Elle souhaiterai rencontrer Morphée ...
22 heures, il était temps. Sa routine du soir avait été faite. Elle avait lu quelques chapitres d’un livre, fermé la porte de la salle de bain, était allée aux toilettes (deux fois en moins de cinq minutes, pour être certaine de ne plus se lever), elle avait vérifié que son réveil était activé, deux fois également, sait-on jamais et son téléphone était en mode “avion” pour ne pas être dérangée la nuit. Il était temps désormais. Lentement et après avoir baillé une nouvelle fois, elle alluma Morphée, son aide pour dormir. En ce moment, elle faisait de la cohérence cardiaque et certains jours, ça fonctionnait vraiment. Elle ferma les yeux et suivit le mouvement du son pour respirer paisiblement. Après la séance de 20 minutes proposée par son outil, ses yeux étaient toujours fermés, sa fatigue plus intense. Elle ne souhaitait qu’une chose : dormir.

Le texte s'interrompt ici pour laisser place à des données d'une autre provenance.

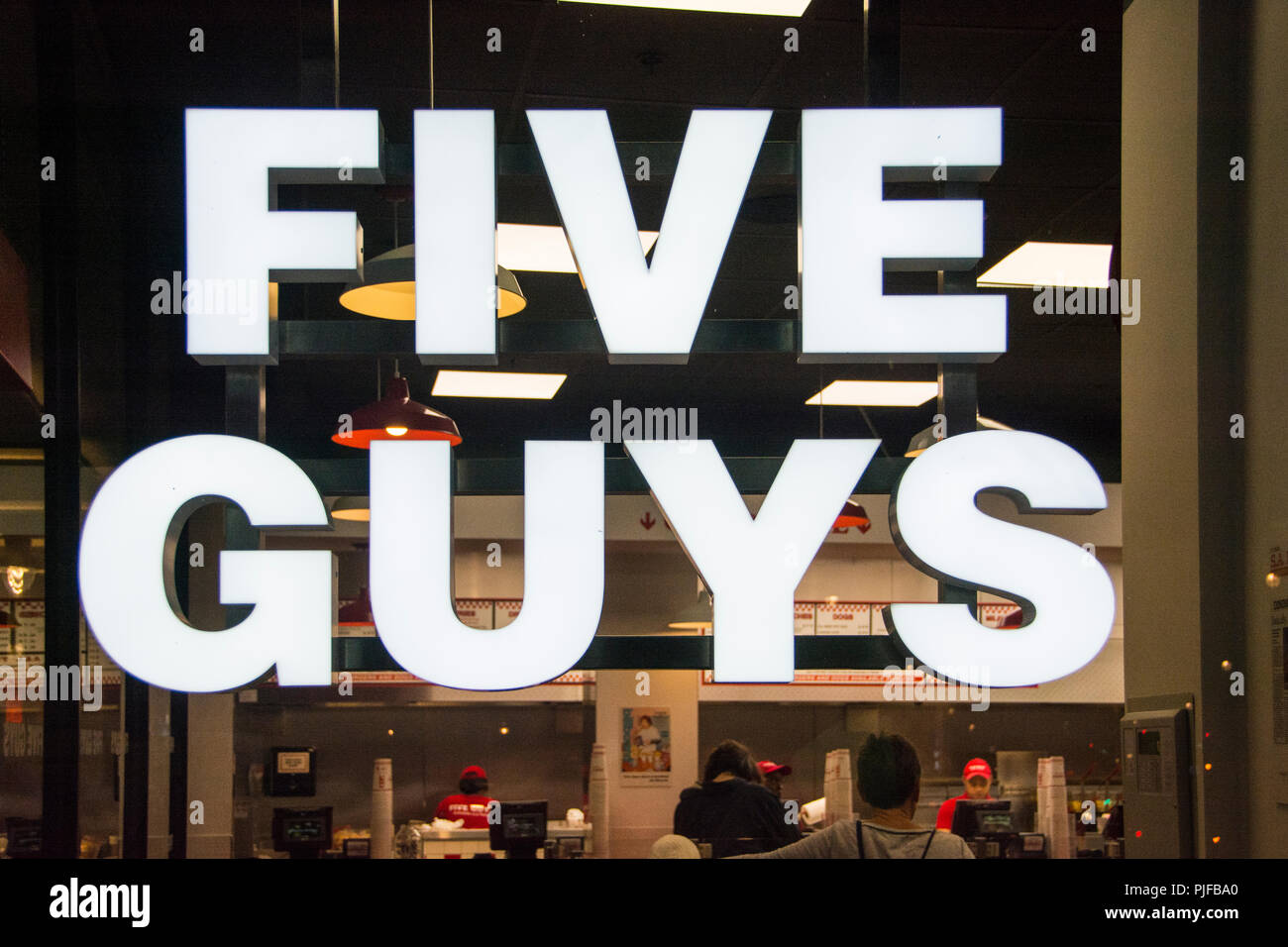 Five Guys Fast-food chain on Coventry Street, Piccadilly, London, UK Stock Photo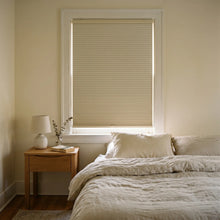 Load image into Gallery viewer, This minimalist bedroom is enhanced by Winter White 9 16 Inch Classic Single Cell Blackout Cordless Shades, creating a serene, light-free setting.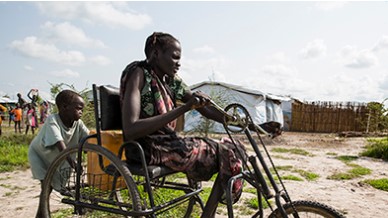 A child pulling a man in a improvised wheelchair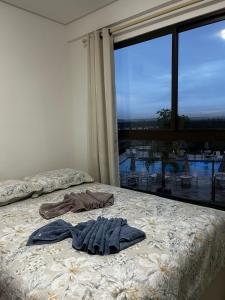 a bed with a pile of clothes on it in front of a window at Flat Eco Resort Carneiros in Praia dos Carneiros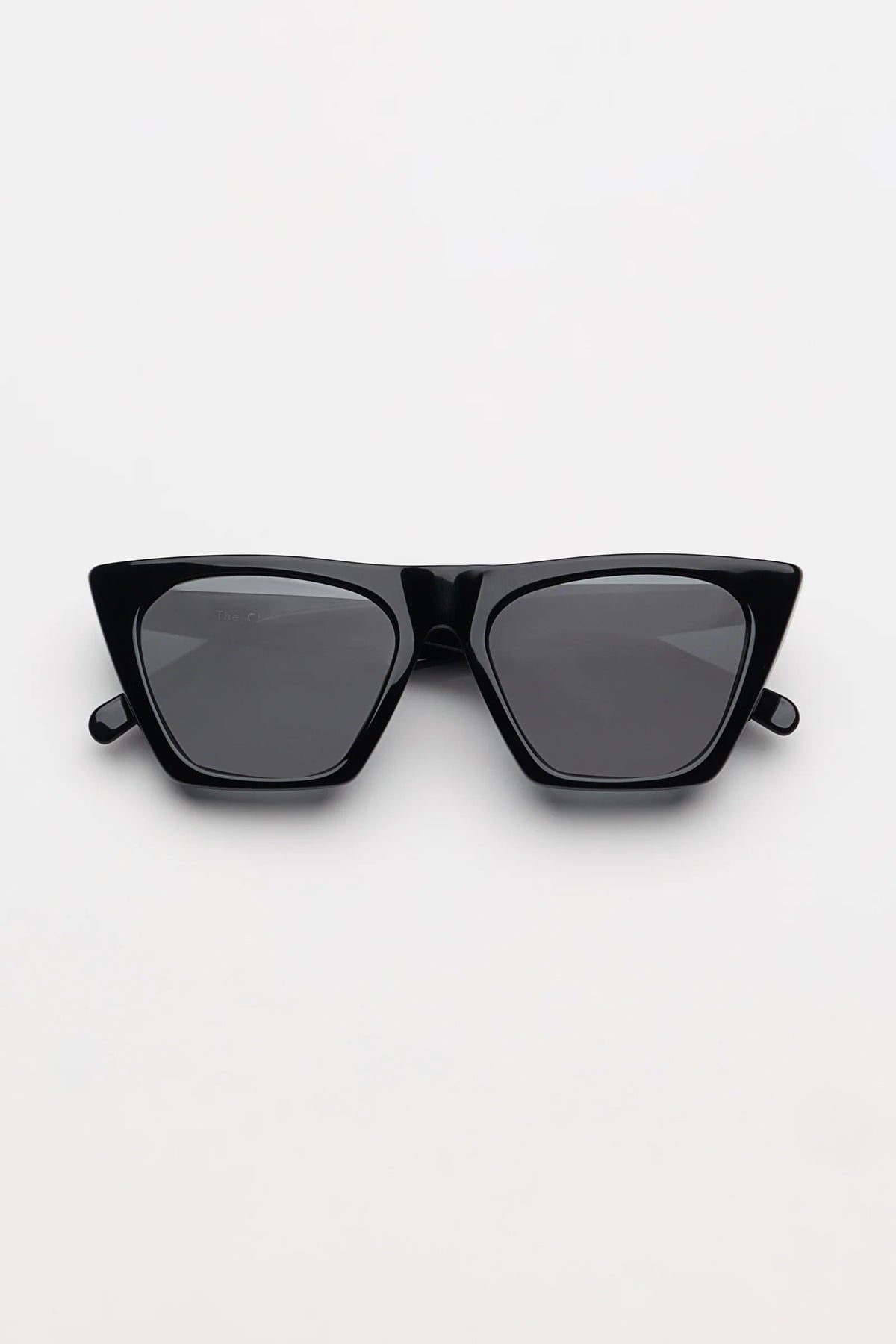 black sunglasses folded on a white background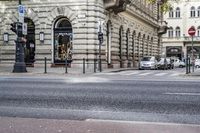 the corner of a street with people walking on it, and a car in the background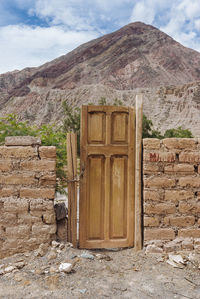 Built structure on mountain against sky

Son corps était épuisé et réclamait son temps de repos mais une fois de plus, ses pensées en décidèrent autrement. Son cerveau lui refusa une fois de plus de prendre une pause. C’est alors que commença le va et vient qui allait l’empêcher de reprendre des forces.
“Ai-je bien fermé la porte d’entrée ?” Elle eut un doute si fort qu’elle retourna vérifier, deux fois, après quoi elle se rallonge, prête et sûre d’elle. “Mince, j’ai à nouveau envie d’aller aux toilettes, du moins, j’ai l’impression, mais je vais tenir”. Son esprit décida qu’elle n’était actuellement plus dans la possibilité de penser à autre chose que se rendre aux cabinets. Elle y alla et une fois de plus, se recoucha. “J’aurai dû lui répondre ça, à ce moment-là !”. Nouvelle pensée. Désormais, son cerveau venait de prendre la décision de se remémorer de nombreuses situations qui avaient pu se produire non pas le jour-même, ni même pendant la semaine qui venait de s’écouler, mais bien des instants qui avaient eu lieu il y a de nombreuses années. Revivre les situations la faisait réfléchir. “Et-si j’avais répondu ceci ou bien cela ? La personne se souvient-elle de ce qu'il s'est passé ? Que pense-t-elle de moi ici ? Aurai-je dû lui répondre autrement ? Non, de toute façon, c’est du passé !” . Un va et vient incessant de questionnement qui resterait de toute façon sans réponse.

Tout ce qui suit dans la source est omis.